C akan menyerahkan sejumlah kopi dengan
harga Rp. 1000.000,-. Sedangkan A akan
membayar dengan cara menerbitkan sebuah
cek. Hubungan antara A dengan C yang timbul
karena adanya peristiwa dasar tersebut disebut
HUBUNGAN DASAR.
 A sekarang telah melaksanakan prestasinya
dengan cara menerbitkan sebuah cek yang
bernilai Rp. 1000.000,-. Dalam cek ini A
memerintahkan kepada B (tersangkut) untuk
membayar uang sejumlah Rp. 1000.000,-
tersebut kepada C. Di sini A berkedudukan
sebagai “penerbit/ penarik/ debitor”, B
berkedudukan sebagai “tertarik/ tersangkut”
dan C berkedudukan sebagi “penerima/
pemegang”.
 Dari ilustrasi tersebut dapat diperoleh gambaran : bahwa
dalam penerbitan cek ini mengandung DUA HUBUNGAN
HUKUM, yaitu hubungan hukum antara penerbit (A) dengan
tersangkut (B) dan hubungan hukum antara penerbit (A)
dengan penerima (C).
1. Hubungan hukum antara penerbit dan tersangkut => timbul
karena adanya PERJANJIAN PENYEDIAAN DANA antara
A dengan B.
Perjanjian penyediaan dana adalah perjanjian timbal balik
antaranA dengan B, dimana A mengikatkan diri untuk
menyediakan sejumlah dana pada B, sedangkan B
mengikatkan diri untuk mengakseptasi dan membayar cek
tersebut pada hari bayar.
Hari bayar ditetapkan sebagai hari dimana cek itu harus
dibayar.
Dana yang ada pada tersangkut (B) ini adalah dana
milik A, yang terdiri dari simpanan uang, piutang atau
kredit.
Bila surat cek sudah diterbitkan oleh A, sebelum
diserahkan kepada C, maka harus diakseptasi dulu oleh
B. Jika sudah diakseptasi, baru diserahkan kepada C.

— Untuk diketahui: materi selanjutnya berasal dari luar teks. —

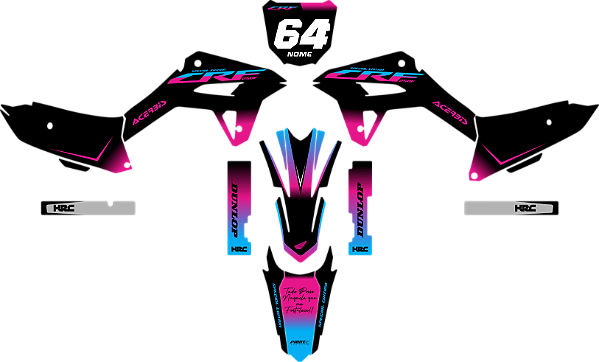 KIT ADESIVOS GRAFICOS CRF250F AMX F21 DEGRADE ROSA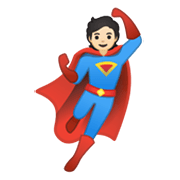 🦸🏻 Emoji Super-herói: Pele Clara na Google Android 10.0.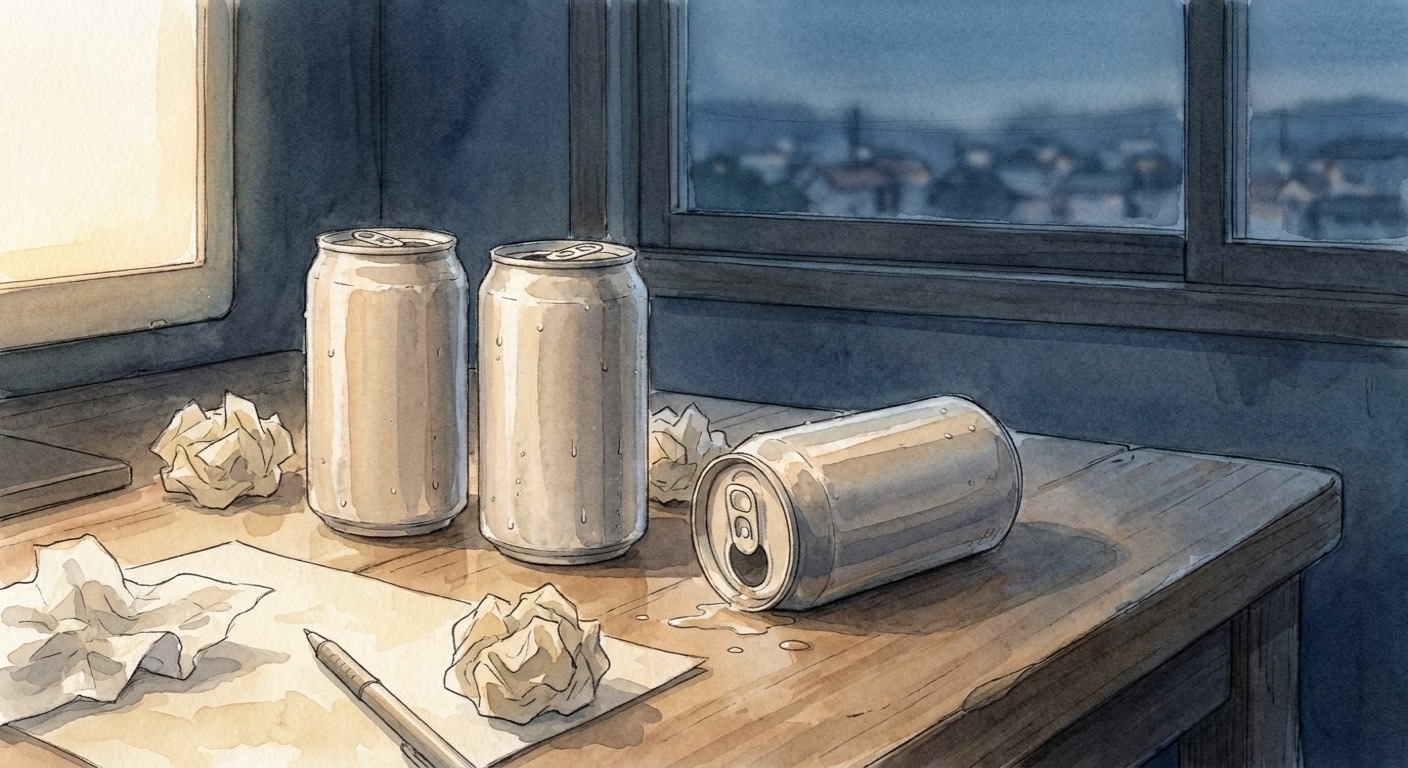 夜明け前の机に立つ空き缶と倒れた缶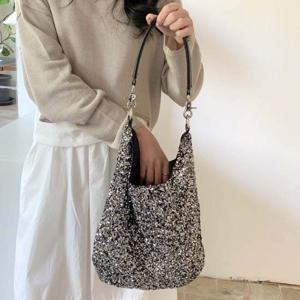 미콘 25104 데일리 여성 스팽글 심플 숄더백 여성가방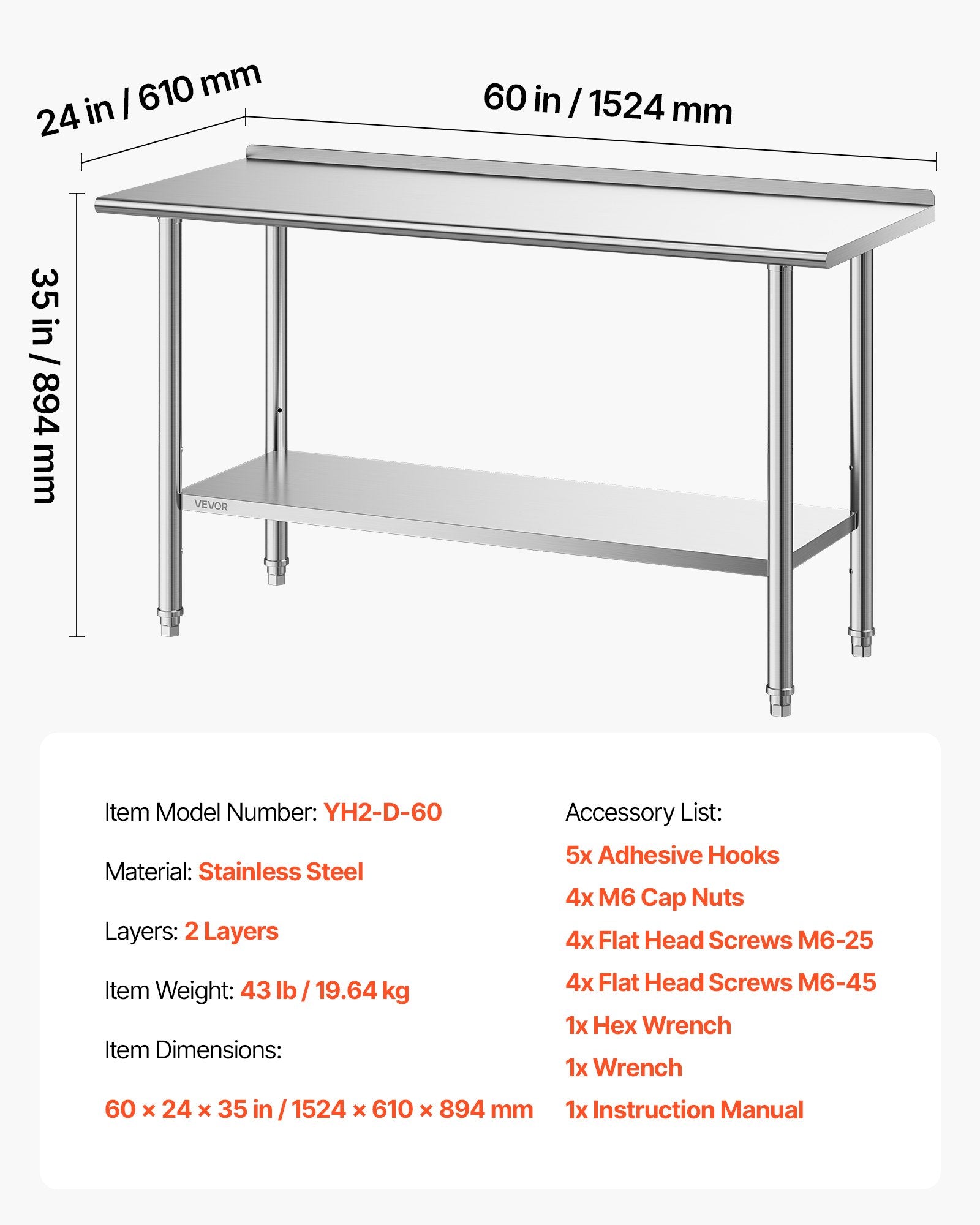VEVOR stainless steel work table showing 60 x 24 x 35 in dimensions and specifications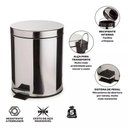 Ver imagem 7 de Lixeira Inox Redonda 5 Litros com Pedal Cesto Removível Banheiro Casa Vintage Aço Prateado Luxo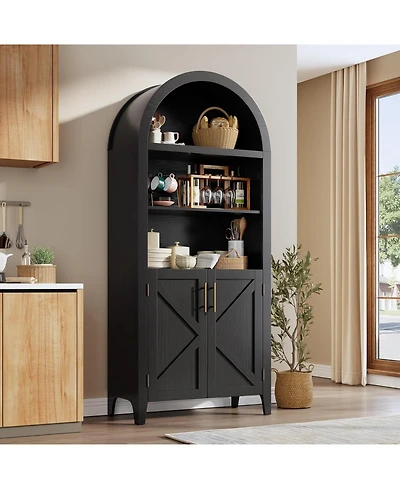 gaomon 5-Tier Open Display Shelf with Nice Texture, Farmhouse Storage Cabinet for Kitchen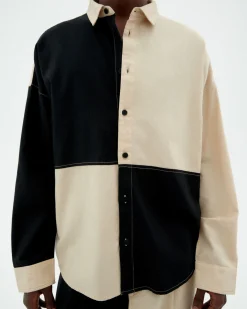 Camisa patched negro y blanco Haru
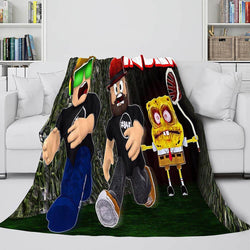 Roblox Blanket Flannel Fleece Throw Cosplay Blanket Christmas Bedding (Online Order Only)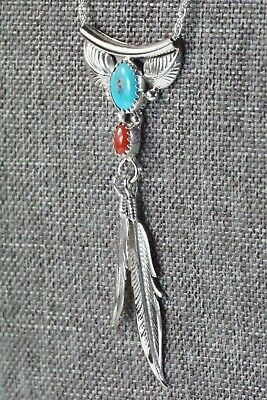 Turquoise, Coral & Sterling Silver Necklace - Sharon McCarthy
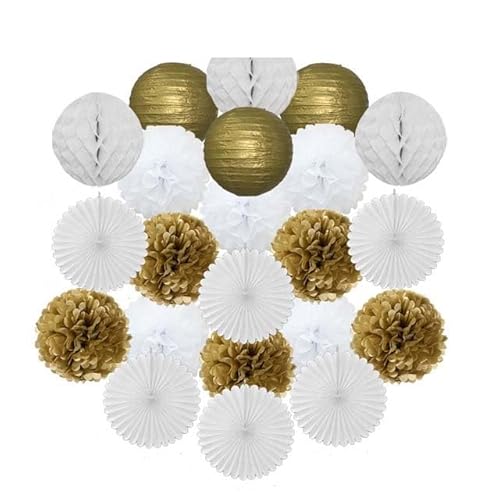 China Festival Dekorative Laterne Gold Schwarz Weiß Set Runde Papier Ball Laterne Tissue Fans 8 "10" 12 "Für Weihnachten Hochzeit Taufe Geburtstag Urlaub Party Decor(Gold White Set,10inch) von MEYINGOU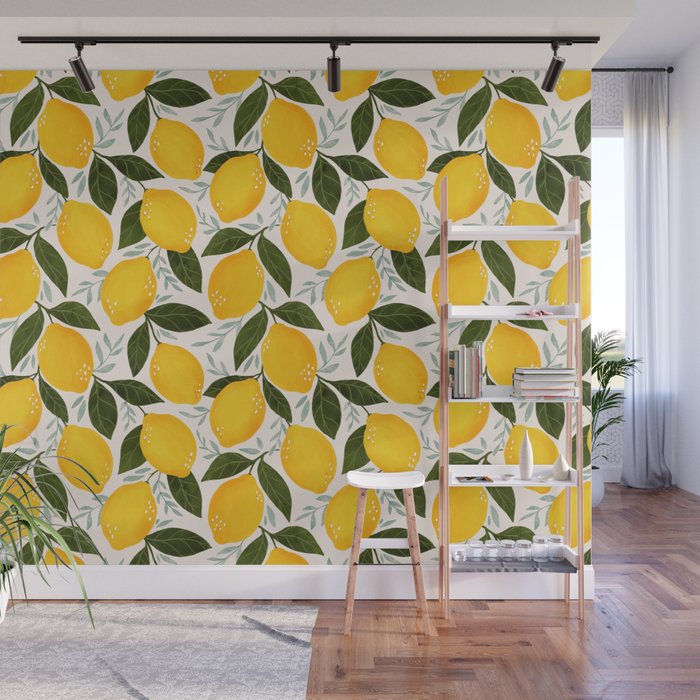 Mediterranean Summer Lemons Pattern Wall Mural Gallery Image 1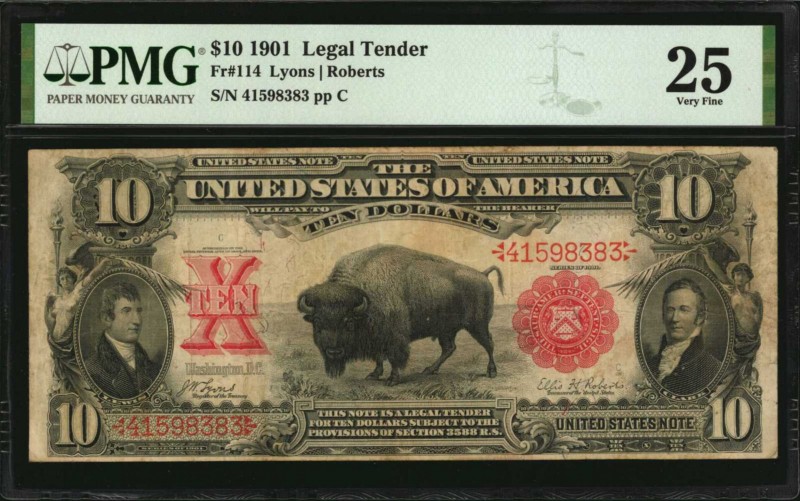 Fr. 114. 1901 $10 Legal Tender Note. PMG Very Fine 25.
This popular $10 Bison L...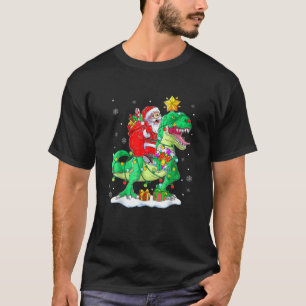 Santa Riding Dinosaur T Rex Weihnachtsjunge Männer T-Shirt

Sebelum cek dimintakan akseptasi kepada B, maka A
harus melakukan 2 macam perbuatan, yaitu:
a. Memberitahu kepada B bahwa ia menerbitkan surat
cek dan B ditunjuk sebagai tersangkut. Pemebritahuan
ini dilakukan dengan “surat advis”.
b. Menyerahkan sebuah dana sebesar minimum Rp.